Qui se cache derrière l’argent des plateformes de streaming, et jusqu’où notre cinéma s’en trouve-t-il compromis ? Aujourd’hui, toute une controverse agite le monde du 7ème art après la première du nouveau film de Jim Jarmusch, “Father Mother Sister Brother”, à la Mostra de Venise. Des questions tourmentent la Croisette : la plateforme Mubi, fière co-productrice du film, est-elle encore indépendante ou désormais prise dans les filets d’intérêts financiers opaques?
Interpellé en conférence de presse, Jarmusch lui-même n’a pas mâché ses mots. Son malaise est palpable : “J’ai été déçu et déconcerté par cette relation”, confie-t-il, alors même qu’il loue la collaboration artistique avec Mubi. Mais pourquoi ce malaise? Le financement récent de la plateforme par Sequoia Capital, à hauteur de 100 millions de dollars, a de quoi soulever des sourcils… et des interrogations.
Pourquoi cet investissement fait-il tant polémique ? Plusieurs cinéastes, parfois très proches de Mubi, ont signé une lettre ouverte au vitriol. Ils accusent Sequoia d’assurer le financement d’une start-up israélienne de défense, Kela, rendant l’essor financier de Mubi “explicitement lié au génocide à Gaza”. Est-ce aller trop loin, ou la vigilance des créateurs doit-elle primer sur les logiques de rentabilité?
Jusqu’où l’argent peut-il influencer la liberté et l’éthique du cinéma indépendant?
Face à la fronde, le fondateur de Mubi, Efe Cakarel, se dédouane en martelant que “toute suggestion selon laquelle notre travail finance la guerre est tout simplement fausse.” Mais cela suffit-il à apaiser la colère et l’inquiétude de la communauté artistique?
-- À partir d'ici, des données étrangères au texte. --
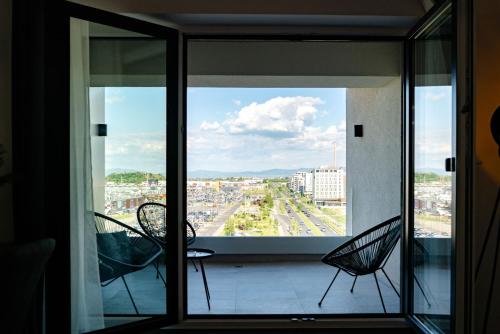 a balcony with chairs and a view of a city at Apart B&V 55 Qualis - Luxury Mountain Escape in Braşov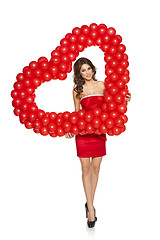 Image showing Love woman holding red heart shaped balloons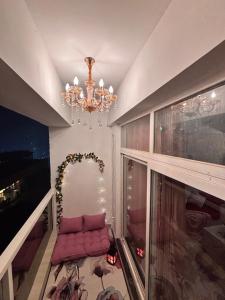 诺伊达Paris Style Luxe Apartment In The Heart Of Noida的客厅里有一盏枝形吊灯，旁边放着一把粉色椅子。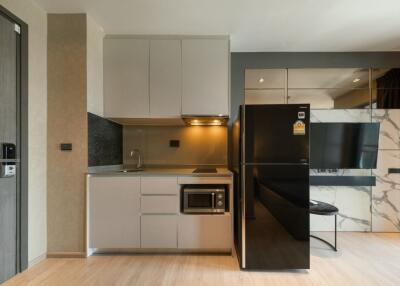 Modern kitchen with appliances including refrigerator and microwave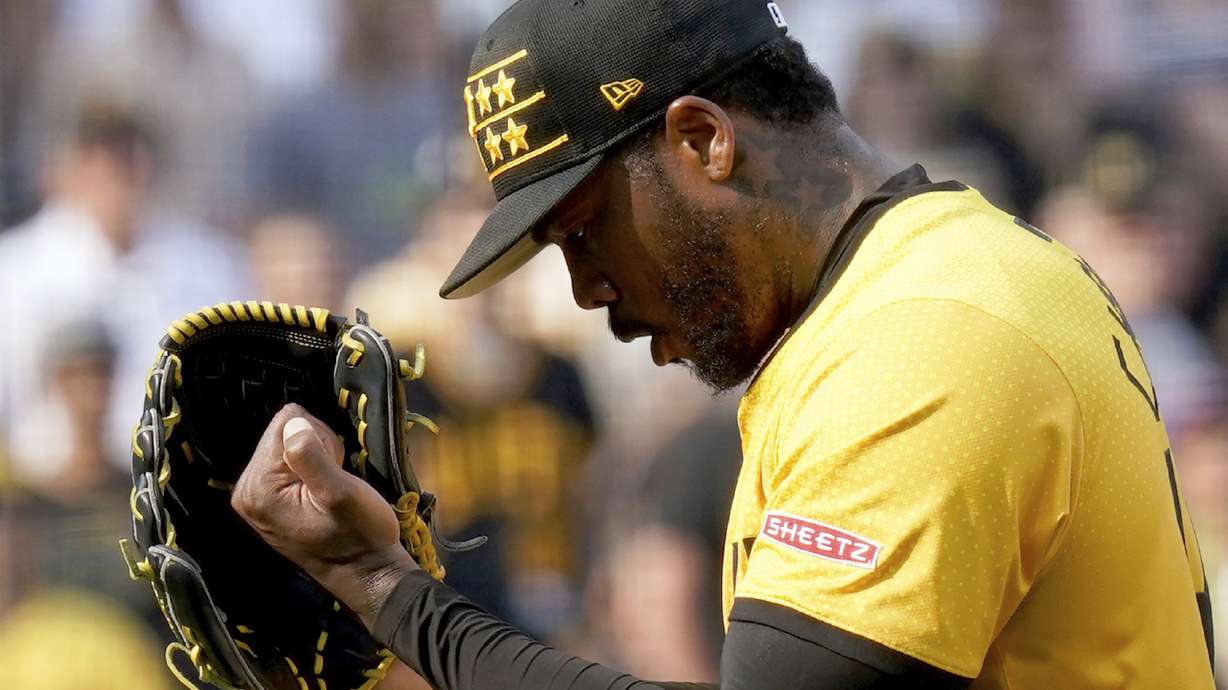 Pittsburgh Pirates relief pitcher Aroldis Chapman reacts after getting the final out of a win over the Tampa Bay Rays in a baseball game Saturday, June 22, 2024, in Pittsburgh. A business subsidiary of the Major League Baseball Players Association sued the Pittsburgh Pirates’ parent company and the grocery chain Sheetz Inc. alleging unlicensed use of players’ names and images on social media.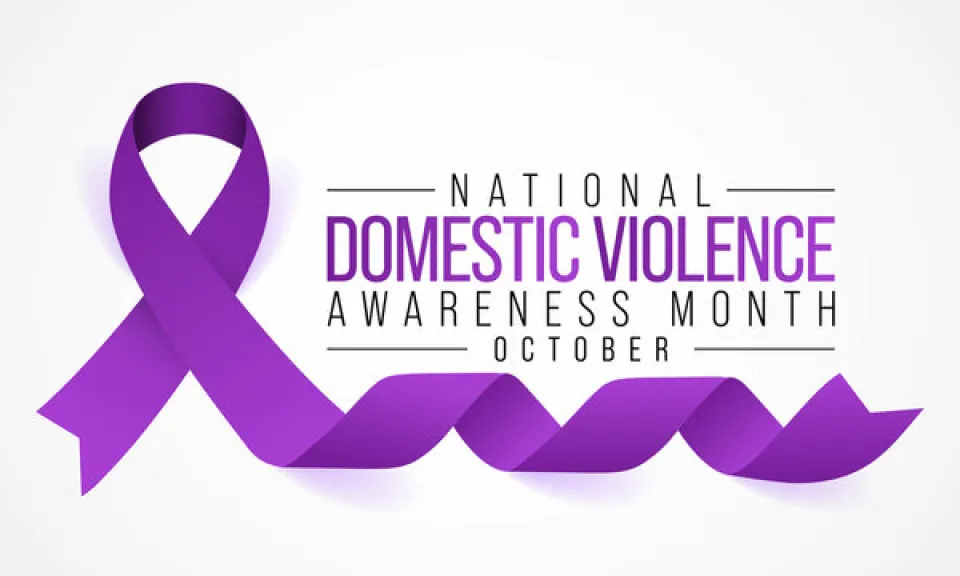 Domestic Violence Awareness Month purple ribbon.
Devient-on complice malgré soi lorsqu’on accepte des fonds liés, de près ou de loin, à des conflits géopolitiques globaux?
Jim Jarmusch, quant à lui, se défend d’être le porte-parole de Mubi. “Je prends de l’argent là où je peux pour financer mes films”, avoue-t-il sans détour, résigné par la réalité du secteur. Un constat amer ponctué d’une phrase choc : “Tout argent venant d’une entreprise est sale.” Qu’en est-il alors de la frontière, si fine, entre indépendance et compromission?
En définitive, cette polémique met en lumière une question fondamentale : quelles valeurs voulons-nous défendre au sein de l’industrie audiovisuelle, et quels compromis sommes-nous prêts à accepter au nom de l’art ?
Le financement du cinéma indépendant peut-il encore rimer avec éthique et transparence, ou sommes-nous condamnés à composer avec des alliances ambiguës?